Quando a leem, pulam ou passam batido sobre os artigos que tratam da fiscalização, a exemplo do artigo 26, inciso VIII, da Carta mato-grossense: “fiscalizar e controlar, diretamente, através de quaisquer de seus membros ou Comissões, os atos do Poder Executivo, incluindo os da administração indireta”. Isso é muito grave. Torna-se bem mais quando não estão nem aí para os reclamos da população, ou de determinado segmentos da sociedade, que grita ao sentir-se prejudicado por um desacerto do governo.

Fiscalizar não é mesmo verbo conjugado no Congresso Nacional, nas Assembleias Legislativas e Câmaras municipais. Seus integrantes, de uma forma geral, erram no tempo e no modo. Por isso, nem se atrevem a conjuga-lo. Ao fingirem conjuga-lo, pecam no todo, a exemplo da convocação de auxiliares diretos dos governantes. Pecam e fazem confusão, e de propósito misturam os conceitos de convocar e convidar, como se estes verbos tivessem a mesma ação, igual sentido. Convocar e convidar não são sinônimos, nem parentes são. Isto é de uma clareza tamanha, tal como águas do rio que saem do seu nascedouro, sem os dejetos que lhes são jogados ao longo do seu percurso.
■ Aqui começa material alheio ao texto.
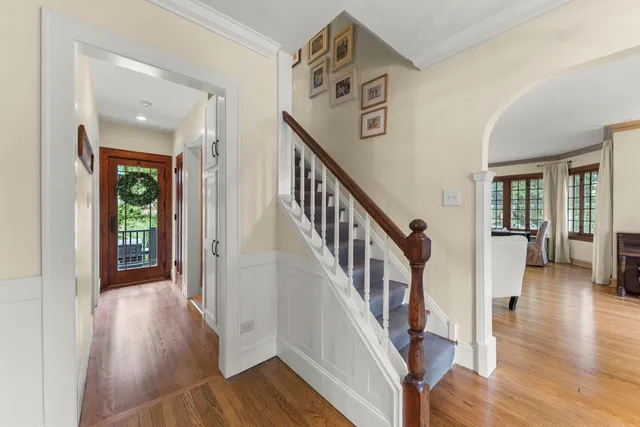 a view of a hallway with wooden floor and stairs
Mas, caprichosamente, deputados estaduais insistem em “convidar” secretários, não só estes, mesmo diante da inexistência desse verbo na Constituição estadual, a exemplo da de Mato Grosso, no seu artigo 27: “A Assembleia Legislativa, bem como qualquer de suas Comissões, poderá convocar para prestar, pessoalmente, informações sobre assuntos previamente determinados, importando crime de responsabilidade e ausência sem justificação adequada”. A Casa Legislativa, ou “qualquer uma de suas Comissões”, convoca. Isto está bastante claro neste artigo, até mesmo para alguém que não tem tanta afinidade com a língua pátria. Ainda assim, insistem em convidar no lugar de convocar. Ao fazê-los, consideram igual sentido a esses dois verbos.

Deus do céu! Situação cômica, que se associa ao trágico, quando os parlamentares, por esquecimento, fazem o certo: convocam o secretário. Secretário convocado, no entanto, não comparece, e chega a dar uma justificativa estapafúrdia: “estar em um evento, em companhia do governador”, sem que tal evento tenha coisa alguma com a sua pasta. Agride, portanto, o artigo 71, inciso V: “comparecer à Assembleia Legislativa ou a qualquer de suas Comissões, quando convocado, no prazo máximo de dez dias após a sua convocação”. Nenhuma atitude do parlamento se vê. Total desrespeito ao preceito constitucional. Fiscalizar é mesmo um verbo não conjugado pelos Parlamentos. É isto.

 

Lourembergue Alves é professor universitário e analista político.